Rotary tillage condition, (a) SOC change curve; (b) fuel consumption.
Transportation condition
Under transportation conditions, the desired vehicle velocity tracking performance during HIL testing is shown in Fig. 20, with the average error between the expected vehicle speed and the current vehicle speed maintained at 0.070 km/h.

Vehicle velocity tracking effect under transportation condition.
Under transportation conditions, the iterative results of the DDQN algorithm are shown in Fig. 21. The iterative rewards and average iterative rewards begin to converge during the 66th and 72nd iterative training sessions respectively. After 100 iterations of training, the reward curve tends to stabilize, verifying the reliability of the algorithm’s iterative results.

Iteration results of the DDQN algorithm under transportation condition.
As shown in Fig. 22a, under transportation conditions, the driving motor power is concentrated between 50 and 105 kW, with an average load power of 65.63 kW, and the total power consumption is approximately 29.19 kWh. As shown in Fig. 22b, under the control of both the DDQN strategy and the PF strategy, the maximum charging power of the battery is 70.92 kW and 58.90 kW respectively, and the trend of battery power change is basically consistent.

Transportation condition, (a) drive motor power; (b) battery power.
As shown in Fig. 23a, under the control of the DDQN strategy, the engine power is concentrated between 23 and 76 kW, with an average power of 53.61 kW, and the total power consumption for electricity generation is approximately 23.84 kWh. Under the control of the PF strategy, the engine power is concentrated between 50 and 80 kW, with an average power of 53.48 kW, and the total power consumption for electricity generation is approximately 23.78 kWh. As shown in Fig. 23b, the engine operating points selected by both the PF strategy and the DDQN strategy are concentrated near the OOL curve. Compared to the plowing and rotary tillage conditions, the engine operating range under both control strategies has increased.

Transportation condition, (a) engine power; (b) engine operating point.
As shown in Fig. 24a, the remaining SOC under the PF strategy control is approximately 56.35%, while under the DDQN strategy control, it is approximately 55.51%, with a difference of about 1.49% between the two strategies.
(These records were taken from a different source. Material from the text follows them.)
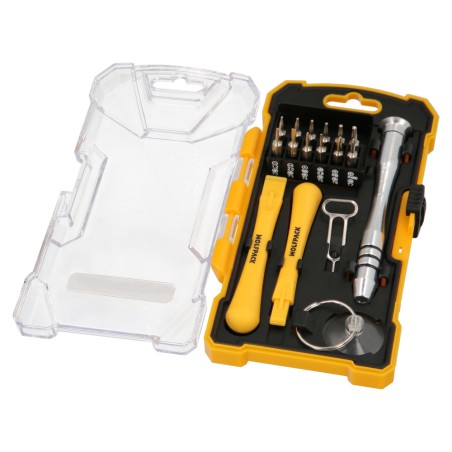 Kit Herramientas Reparacion Smartphones 17 Piezas WOLFPACK LINEA PROFESIONAL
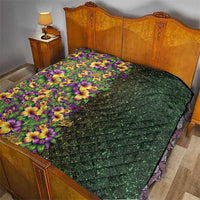 Hawaii Mardi Gras Quilt Tropical Flowers Glitter Style LT05 - Polynesian Pride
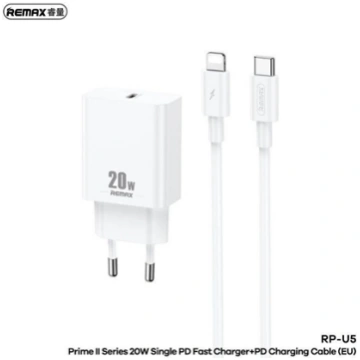 Remax RP-U5 Adapter + Lightning Cable USB-C / 20W 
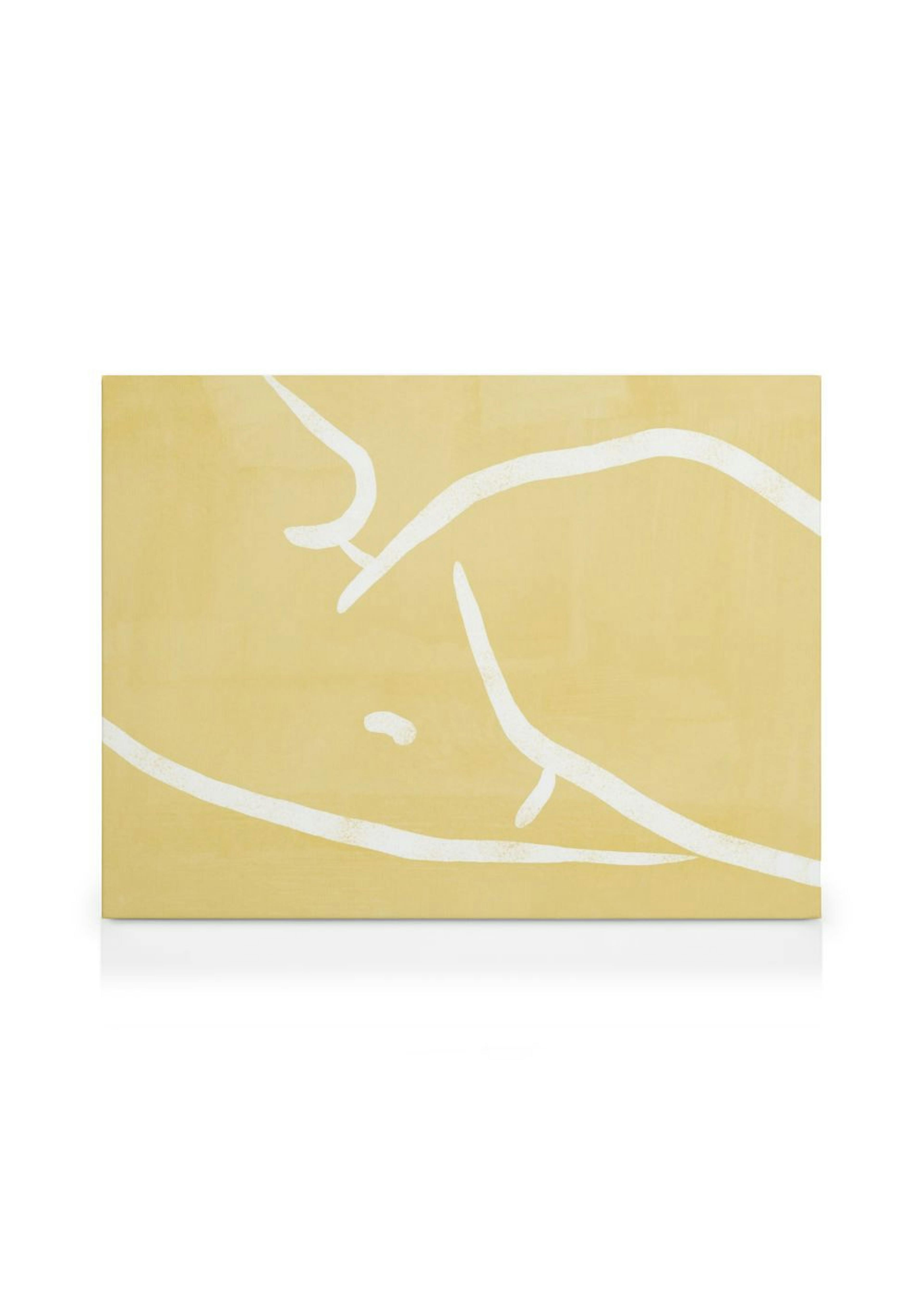 Yellow Body Pose Leinwandbild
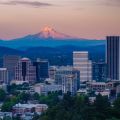 mountain behind skyline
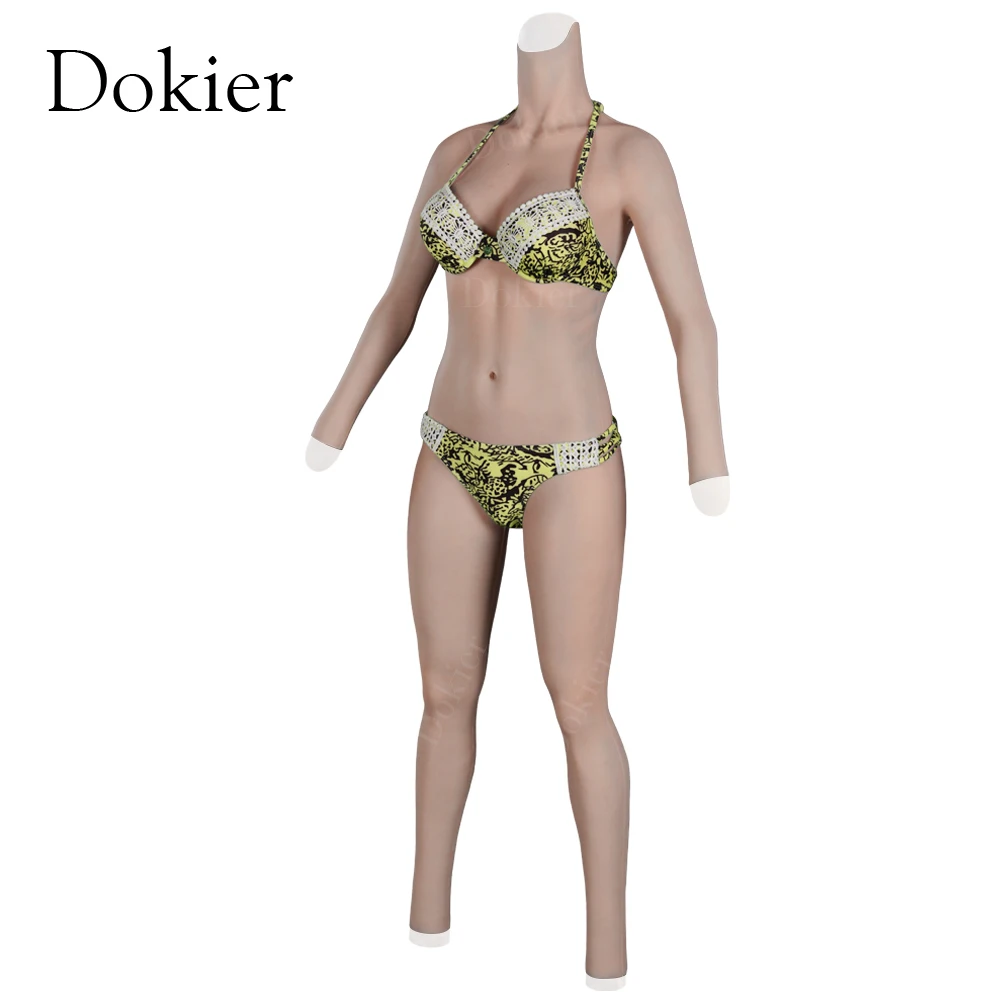Dokier سيليكون ارتداءها المهبل السراويل وهمية الثدي كامل بدلة للجسم لسحب الملكة المتحولين جنسيا شيميل أشكال الثدي كروسدرسر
As shown in Fig. 24b, the equivalent fuel consumption under the PF strategy and DDQN strategy is approximately 6.48 L and 5.86 L respectively, with diesel consumption of approximately 6.14 L and 6.18 L respectively. Compared to the PF strategy, the DDQN strategy reduces equivalent fuel consumption by 9.57% but increases diesel consumption by 0.65%.

Transportation condition, (a) SOC change curve; (b) fuel consumption.
Comparative discussion
The HIL test results for the DDQN strategy and PF strategy under different operating conditions are shown in Fig. 25.

HIL test results, (a) equivalent fuel consumption and diesel consumption; (b) remaining SOC.
Under plowing conditions, the DDQN strategy saved 1.18% of SOC, reduced equivalent fuel consumption by 10.40%, and decreased diesel consumption by 4.59% compared to the PF strategy.
Under rotary tillage conditions, the DDQN strategy consumed 3.09% more SOC, reduced equivalent fuel consumption by 9.78%, and decreased diesel consumption by 4.77% compared to the PF strategy.
Under transportation conditions, the DDQN strategy consumed 1.49% more SOC, reduced equivalent fuel consumption by 9.57%, and increased diesel consumption by 0.65% compared to the PF strategy.
Based on the analysis of the HIL test data results, it can be concluded that under the three operating conditions of plowing, rotary tillage, and transportation, the DDQN strategy consumes up to 3.09% more remaining SOC and increases diesel consumption by a maximum of 0.65% compared to the PF strategy. Therefore, it can be inferred that under the premise of similar energy consumption, the DDQN strategy significantly reduces equivalent fuel consumption compared to the PF strategy.